** Information provided follows **

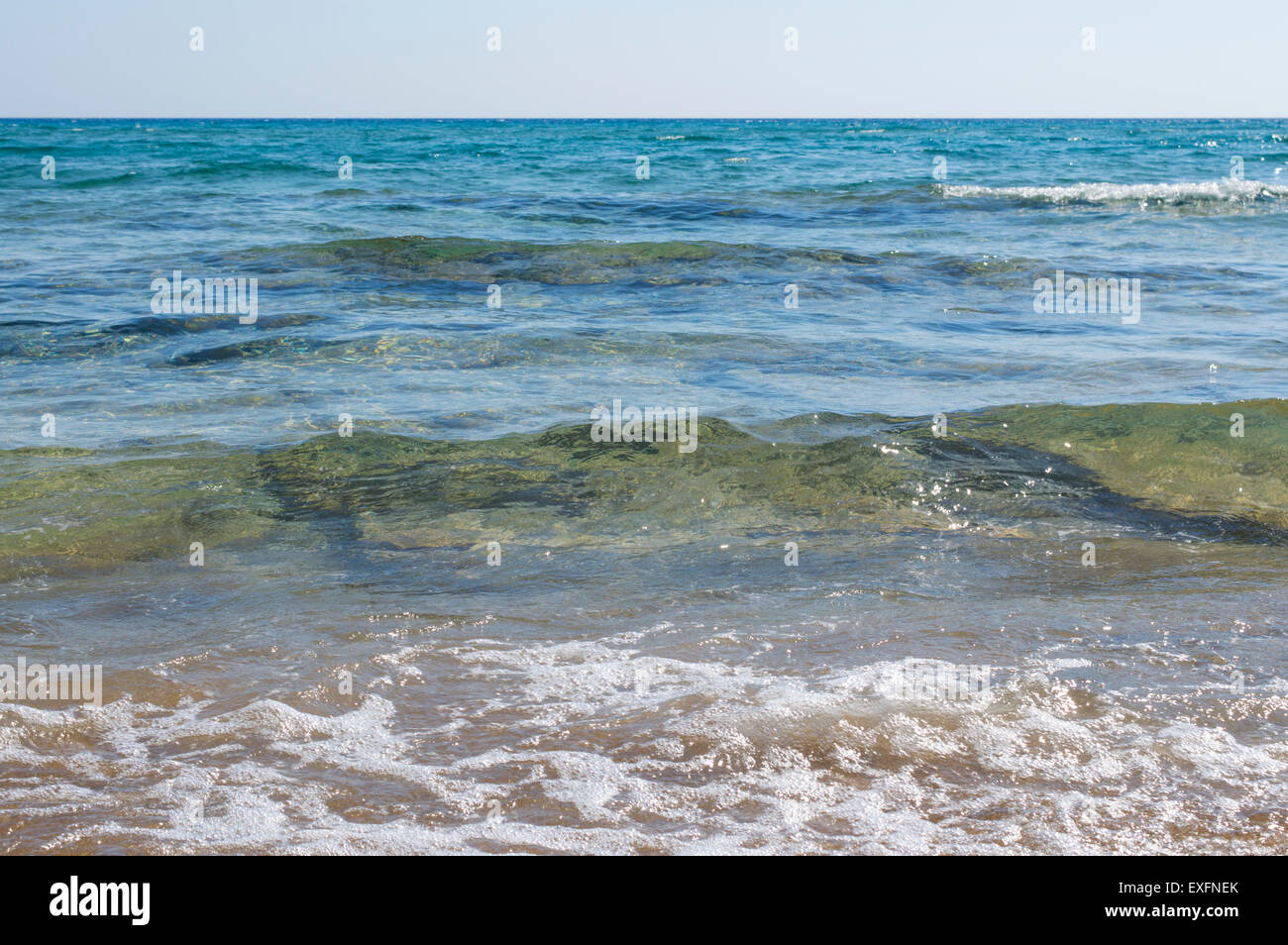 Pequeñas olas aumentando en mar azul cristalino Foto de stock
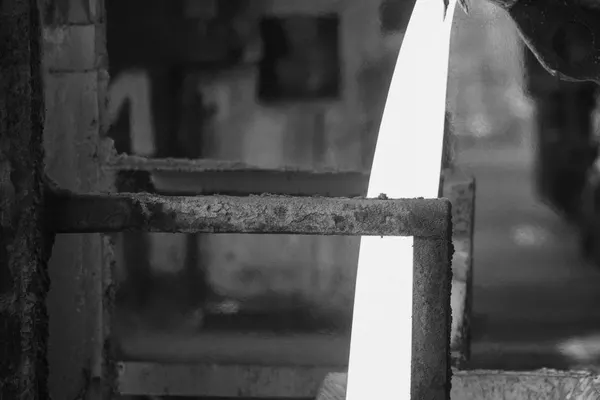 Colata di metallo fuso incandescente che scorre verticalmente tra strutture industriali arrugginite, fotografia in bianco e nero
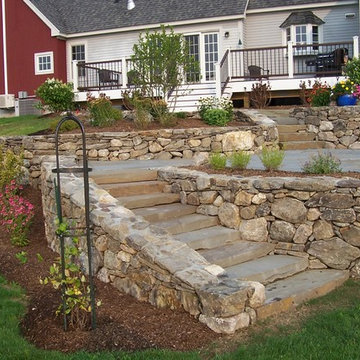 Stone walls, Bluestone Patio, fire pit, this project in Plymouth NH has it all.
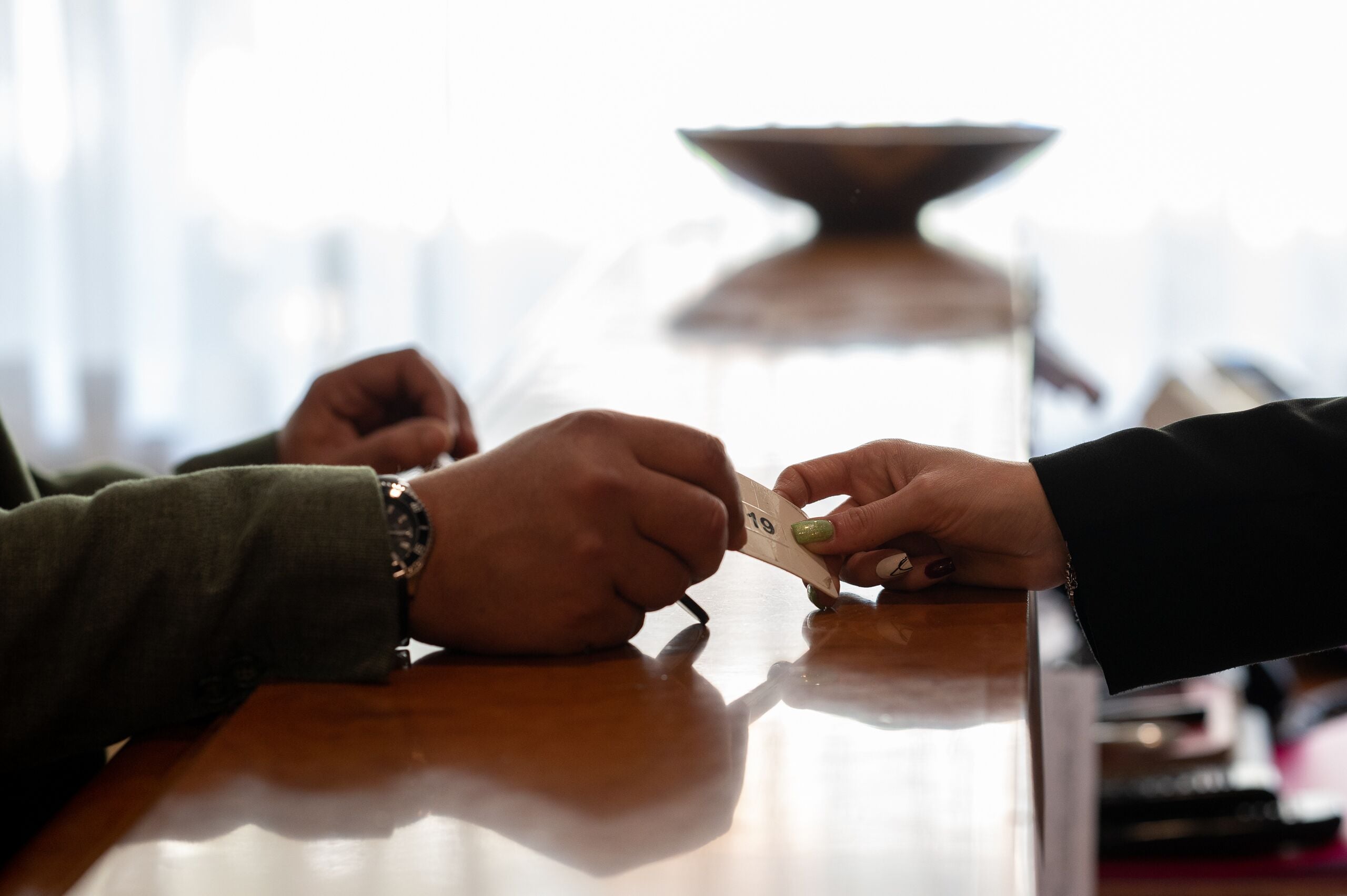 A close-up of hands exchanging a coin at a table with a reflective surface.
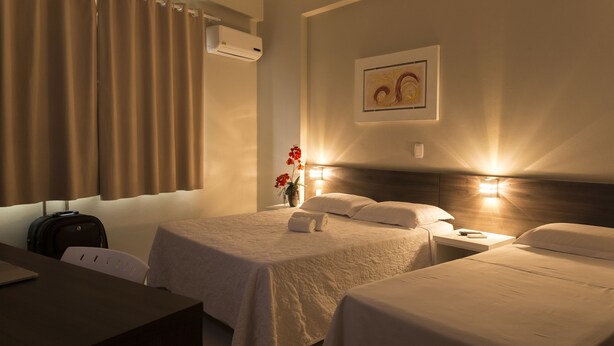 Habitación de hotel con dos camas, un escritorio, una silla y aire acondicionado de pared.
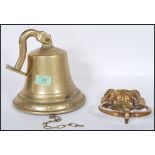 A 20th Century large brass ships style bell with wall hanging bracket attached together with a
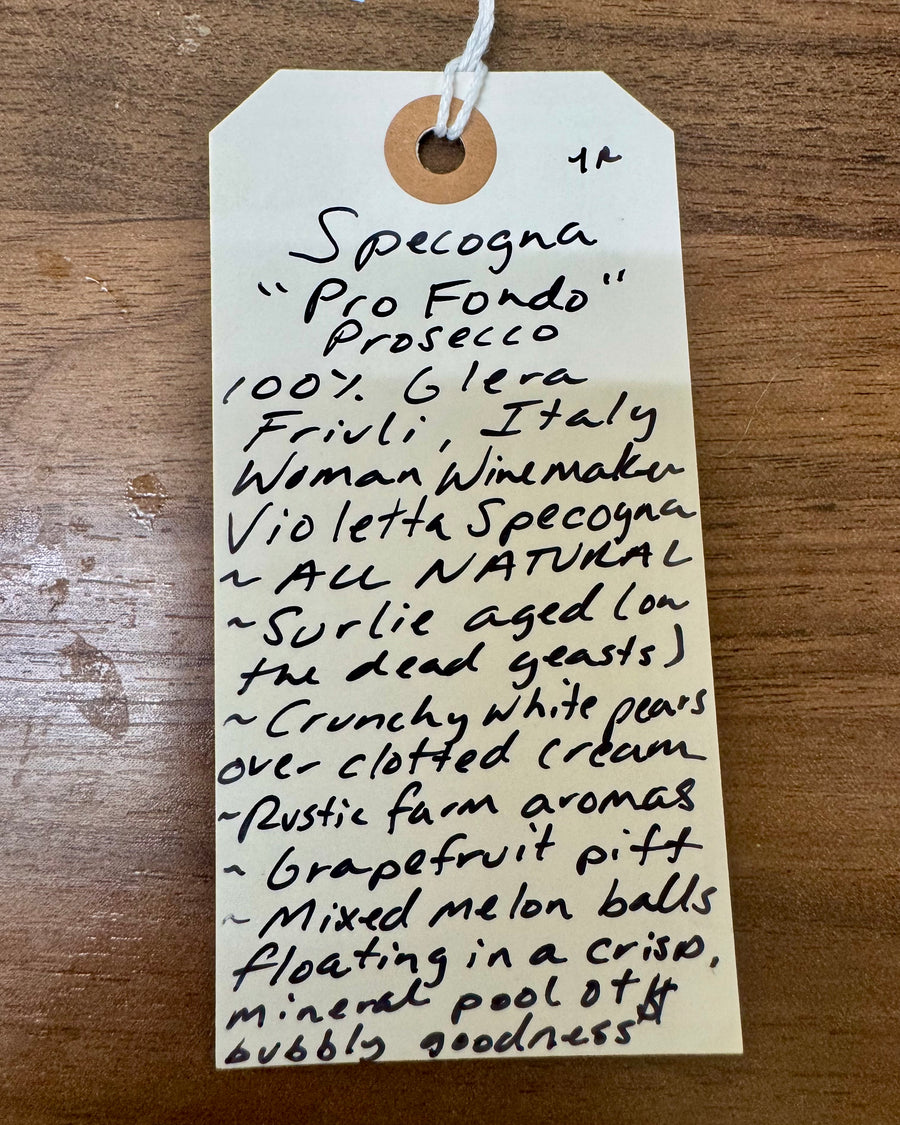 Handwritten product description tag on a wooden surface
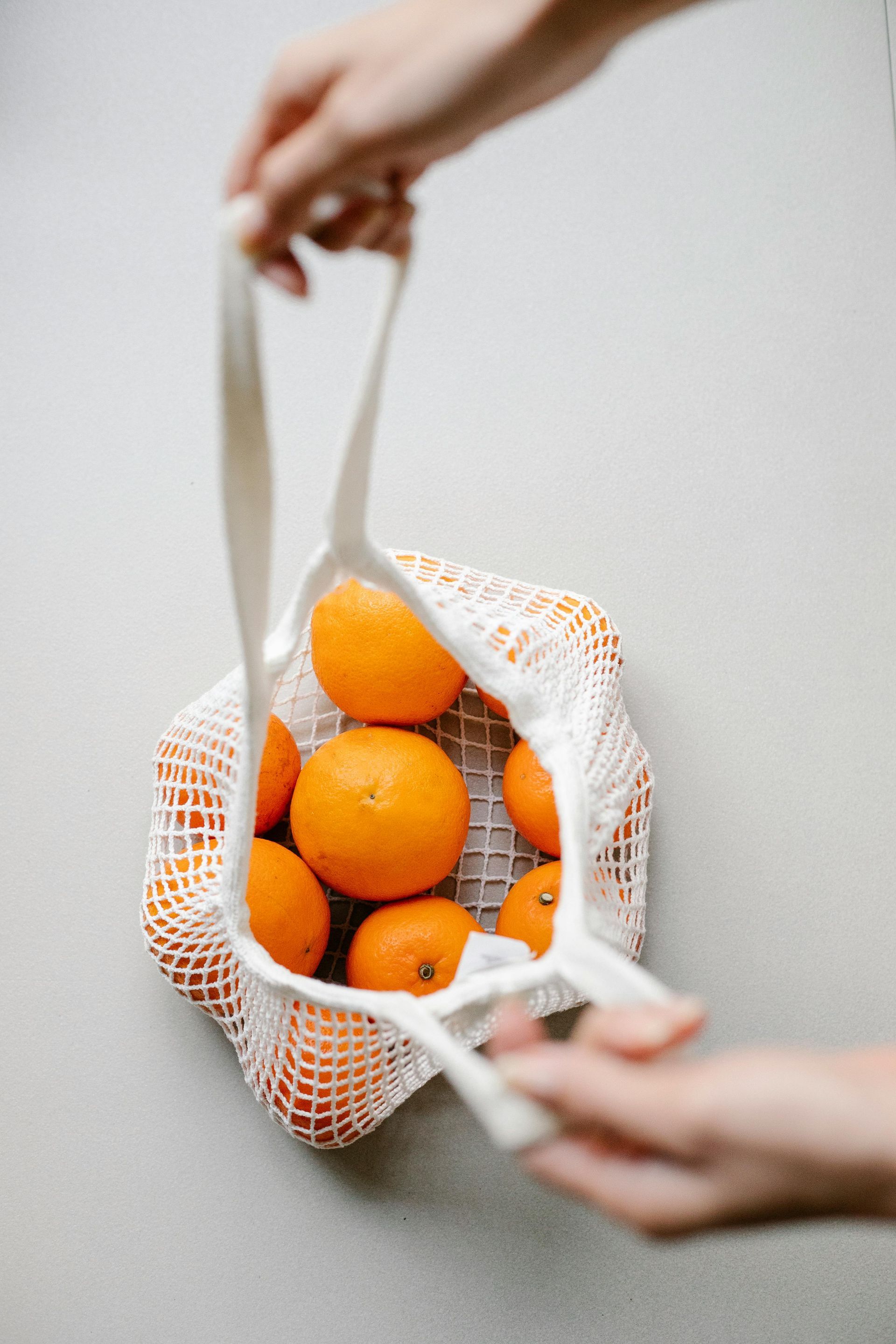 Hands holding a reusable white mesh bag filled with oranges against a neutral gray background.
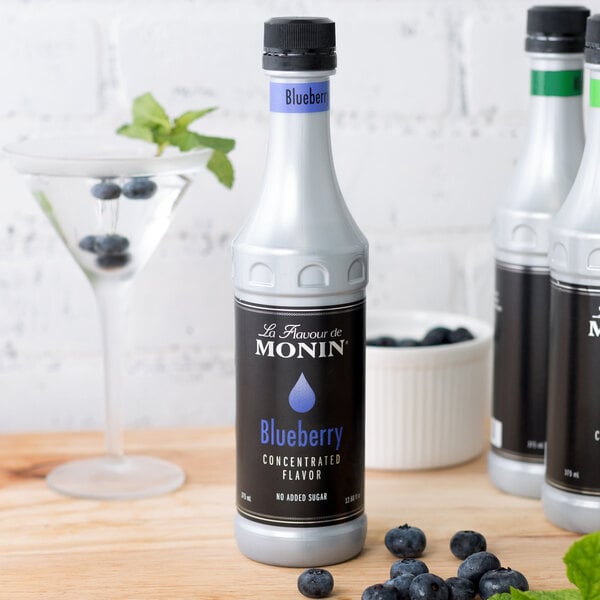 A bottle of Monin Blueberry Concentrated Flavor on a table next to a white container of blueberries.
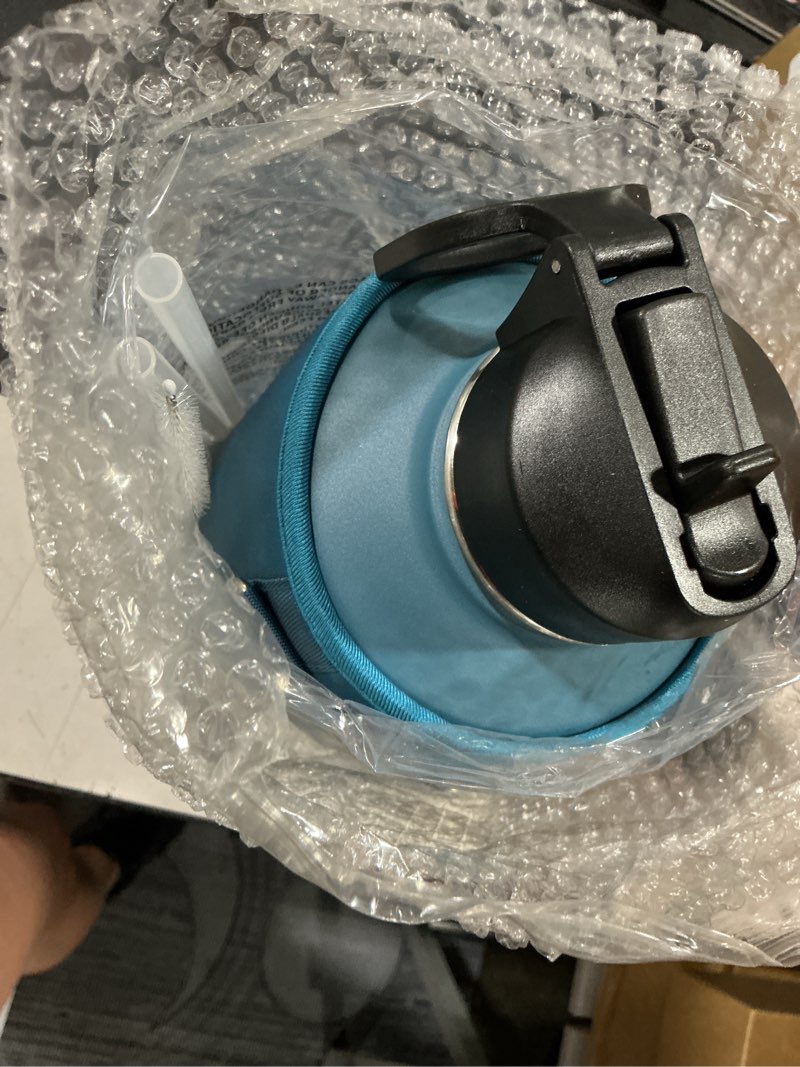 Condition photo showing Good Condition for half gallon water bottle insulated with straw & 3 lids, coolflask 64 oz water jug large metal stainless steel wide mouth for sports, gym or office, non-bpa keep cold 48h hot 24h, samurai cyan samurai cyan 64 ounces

** End of Information provided **

### What you will do
Without altering anything, output all the lines above but none of the images.

### Task response
 Pequeñas olas aumentando en mar azul cristalino Foto de stock
 Colata di metallo fuso incandescente che scorre verticalmente tra strutture industriali arrugginite, fotografia in bianco e nero
 Stone walls, Bluestone Patio, fire pit, this project in Plymouth NH has it all.
 A close-up of hands exchanging a coin at a table with a reflective surface.
 Habitación de hotel con dos camas, un escritorio, una silla y aire acondicionado de pared.
 A 20th Century large brass ships style bell with wall hanging bracket attached together with a
 Handwritten product description tag on a wooden surface
 Hands holding a reusable white mesh bag filled with oranges against a neutral gray background.
 A bottle of Monin Blueberry Concentrated Flavor on a table next to a white container of blueberries.
 Condition photo showing Good Condition for half gallon water bottle insulated with straw & 3 lids, coolflask 64 oz water jug large metal stainless steel wide mouth for sports, gym or office, non-bpa keep cold 48h hot 24h, samurai cyan samurai cyan 64 ounces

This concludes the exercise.